On 8 February 1977, in proceedings before the ECHR, and in line with the findings of the Parker Report and British Government policy, the Attorney-General of the United Kingdom stated:

The Government of the United Kingdom have considered the question of the use of the 'five techniques' with very great care and with particular regard to Article 3 (art. 3) of the Convention. They now give this unqualified undertaking, that the 'five techniques' will not in any circumstances be reintroduced as an aid to interrogation.

===Later developments===
In 2013, declassified documents revealed the existence of the interrogation centre at Ballykelly. It had not been mentioned in any of the inquiries. Human rights group the Pat Finucane Centre accused the British Government of deliberately hiding it from the inquiries and the European Court of Human Rights. In June 2014, an RTÉ documentary entitled The Torture Files uncovered a letter from the British Home Secretary Merlyn Rees in 1977 to the then British Prime Minister James Callaghan.

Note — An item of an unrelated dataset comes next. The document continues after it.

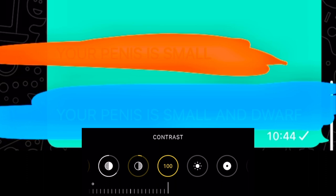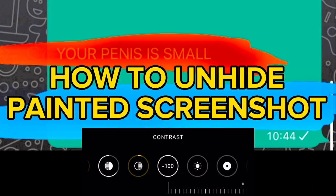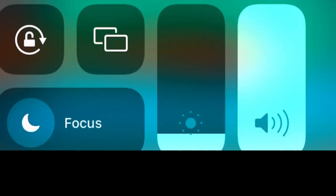What she wrote here is: 'Your penis is small and dwarfed.' And on the red channel, to unhide it, just reduce the contrast to minus 100. What?! 'Your penis is small'?! Oh, she left me. Please subscribe, thank you guys — and I'm so sad because she left me.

It confirmed that a policy of 'torture' had in fact been authorized by British Government ministers—specifically the Secretary for Defence Peter Carrington—in 1971, contrary to the knowledge of the Irish government or the ECHR. The letter states: "It is my view (confirmed by Brian Faulkner before his death) that the decision to use methods of torture in Northern Ireland in 1971/72 was taken by ministers – in particular Lord Carrington, then secretary of state for defence".

Following the 2014 revelations, the President of Sinn Féin, Gerry Adams, called on the Irish government to bring the case back to the ECHR because the British government, he said, "lied to the European Court of Human Rights both on the severity of the methods used on the men, their long term physical and psychological consequences, on where these interrogations took place and who gave the political authority and clearance for it". On 2 December 2014, the Irish government announced that, having reviewed the new evidence and following requests from the survivors, it had decided to officially ask the ECHR to revise its 1978 judgement.

In March 2018, the ECHR announced a 6–1 decision against revising the original judgement. In September of the same year, the ECHR refused to consider the case before its Grand Chamber, meaning that the case cannot be appealed any longer.

In 2021, the Supreme Court of the United Kingdom found that the use of the five techniques amounts to torture.